私用による中抜けは、従業員のプライベートな理由で発生する中抜けのことを指します。
例えば、保育園や幼稚園にいる子供を迎えに行く場合や、子供の面談に参加しなければいけない場合が挙げられます。
このように、中抜けには会社による強制力が働いたものだけでなく、プライベートのイベントを優先させる場合にも利用されます。そのため、中抜けの利用は従業員のワーク・ライフ・バランスを実現することにもつながります。
ここからは、企業が勤怠管理をおこなううえで、どのように中抜けを取り扱えば良いのかについて解説します。
2. 勤怠管理上の中抜けの扱い
勤怠管理上の中抜けの扱いは大きく3つあります。一つひとつ、順番に解説します。
2-1. 中抜けを休憩時間として扱う場合
1つ目は「中抜けを休憩時間として扱う場合」です。
従業員が私的な理由で中抜けをおこなった場合、中抜けを休憩時間として扱うことが多いです。また、中抜けを休憩時間として扱った場合、1日の労働時間にズレが生じるので、始業時間を前倒しにするか、終業時間を後ろ倒しにします。
例えば、所定労働時間が9時から18時(休憩時間は12時から13時)の企業で、14時から16時の2時間、中抜けがおこなわれたとします。
この場合、終業時間が2時間後ろ倒しになるので、20時が終業時間となります。また、中抜けを休憩時間として扱う場合、事前に就業規則にて「始業・終業時刻を変更できる」ということを明記しておく必要があるため、注意しましょう。
2-2. 中抜けを1日2回の勤務として扱う場合
2つ目は「中抜けを1日2回の勤務として扱う場合」です。
「中抜けを1日2回の勤務として扱う場合」は、朝と夜が忙しい業界や業種で多く見られます。この場合、中抜けの時間は休憩時間ではないため、適切なタイミングで休憩時間を従業員に付与する必要があります。
休憩時間に関する規則は以下の通りです。
・労働時間が8時間を超える場合は1時間以上付与
そのため、朝だけで7時間勤務だった場合は、朝の労働時間内で45分以上の休憩時間を付与する必要があります。
2-3. 中抜けを時間単位の有給休暇として扱う場合
3つ目は「中抜けを時間単位の有給休暇として扱う場合」です。
この場合、中抜けの時間を有給休暇で相殺することができるので、終業時間が後ろ倒しになったり、休憩時間を付与したりする必要はありません。
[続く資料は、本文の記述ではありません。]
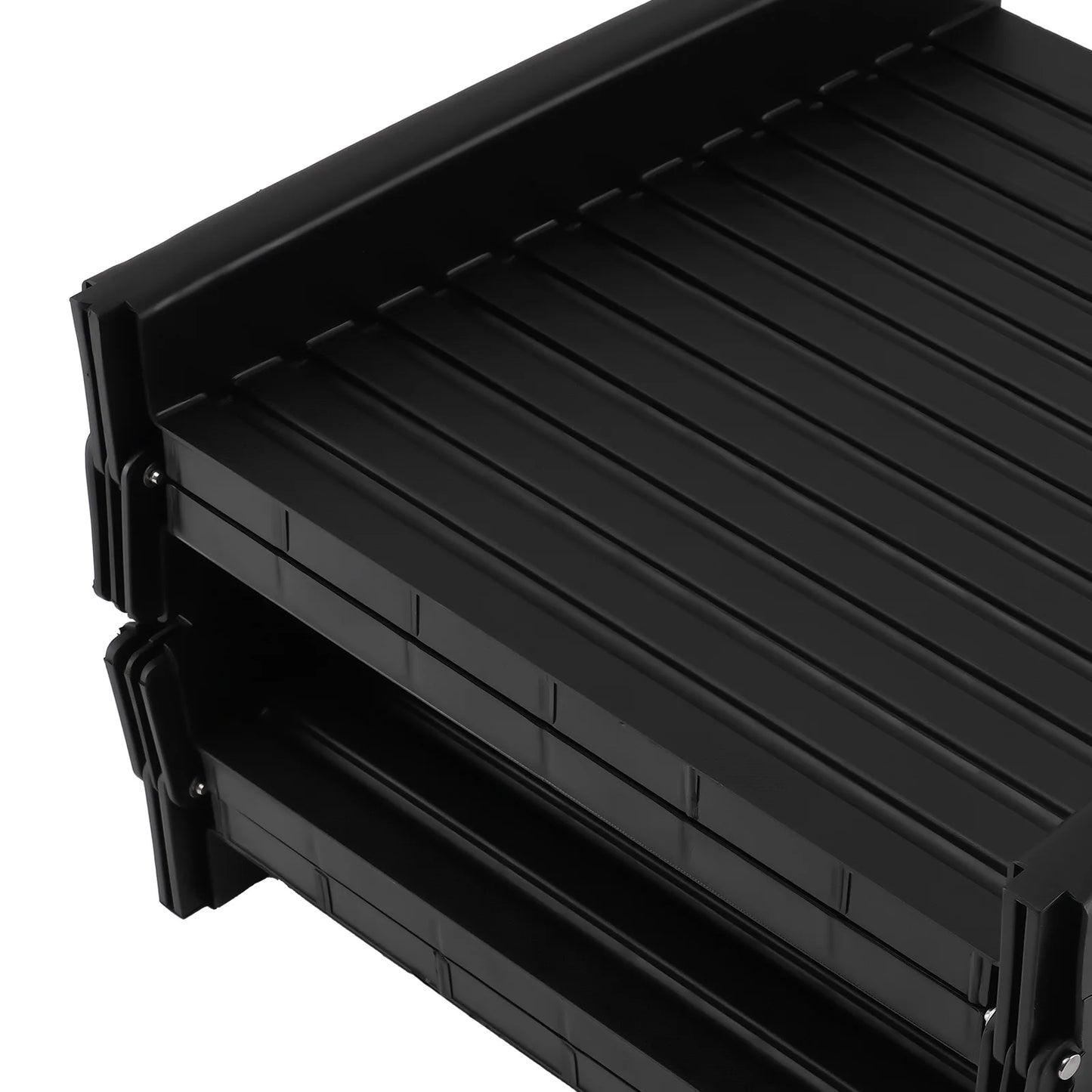 Tri-Fold Dog Ramp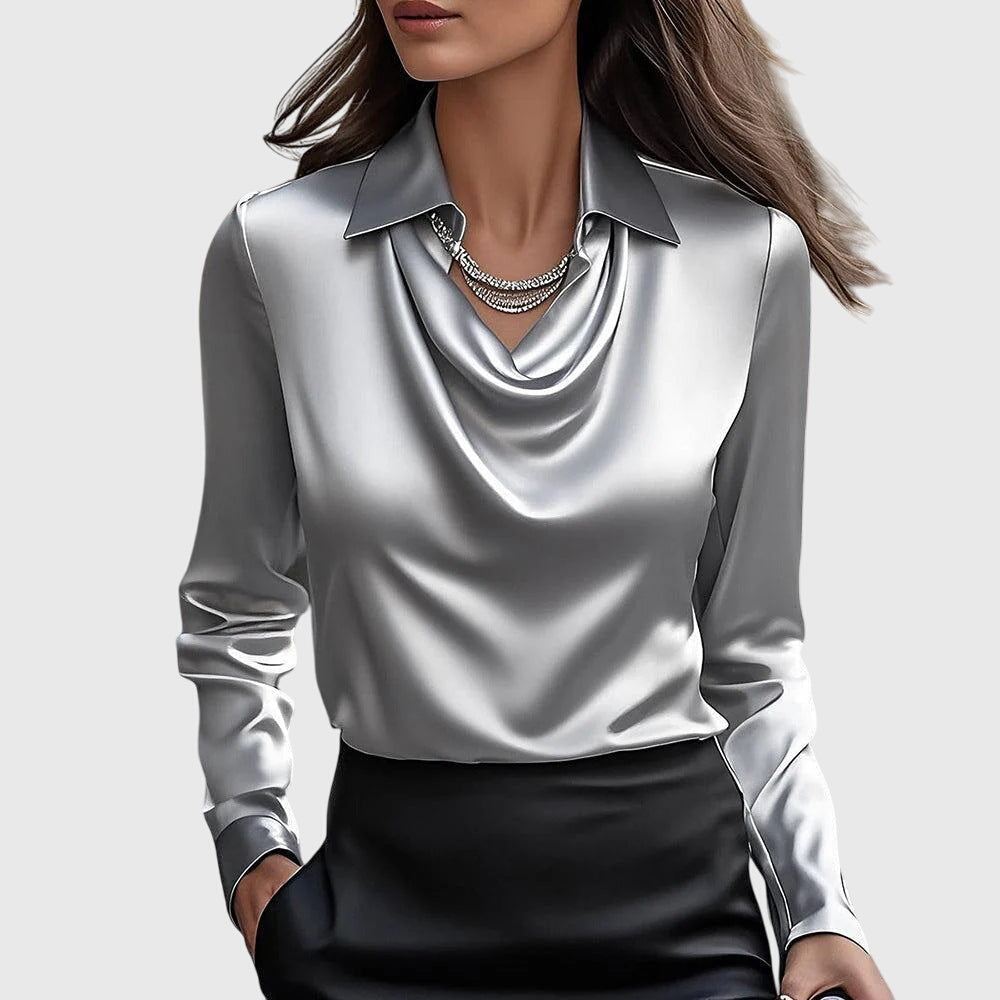 Lilian™ Elegant Blouse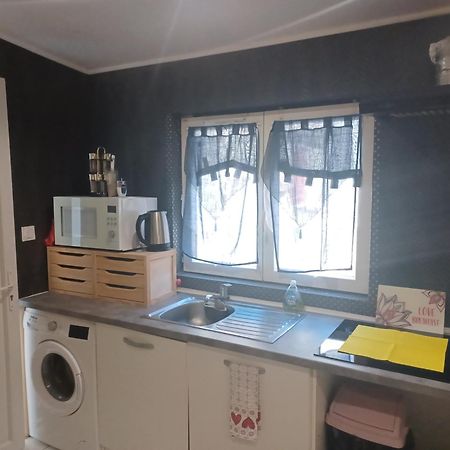 Cozy Apartment, Airport Cdg Exhibition Parc 14 Min Tremblay-en-France Екстериор снимка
しかし、有給休暇を時間単位で取得するには、労使協定の締結や就業規則への明記などが必要になります。また、労使協定においては下記の内容を定める必要があるため、注意しましょう。
・時間単位の有給休暇を取得する対象者
・時間単位の有給休暇の1日分の時間数
・時間単位の有給休暇を付与する最低単位
ここまで、勤怠管理上の中抜けの扱い方について解説しました。中抜けをを正しく運用するには有給休暇や休憩時間、労働時間に関する理解が求められるため、注意が必要です。
ここからは、中抜けを導入・運用していくなかでの注意点についてより具体的に解説します。
関連記事:有給の時間単位付与とは?上限規制やメリット・デメリットを徹底解説
3. 中抜けに関する注意点
中抜けを導入・運用していくなかで、注意すべきことは大きく2つあります。一つひとつ、順番に解説します。
関連記事:労働時間内の休憩に関する注意点|休憩時間に関するQ&A付き
3-1. 会社都合の移動時間は、中抜けに含まない
1つ目の注意点は「会社都合の移動時間は、中抜けに含まない」です。
中抜けの発生が会社都合であったとしても、従業員の都合であったとしても、中抜けの時間は従業員の私的な時間です。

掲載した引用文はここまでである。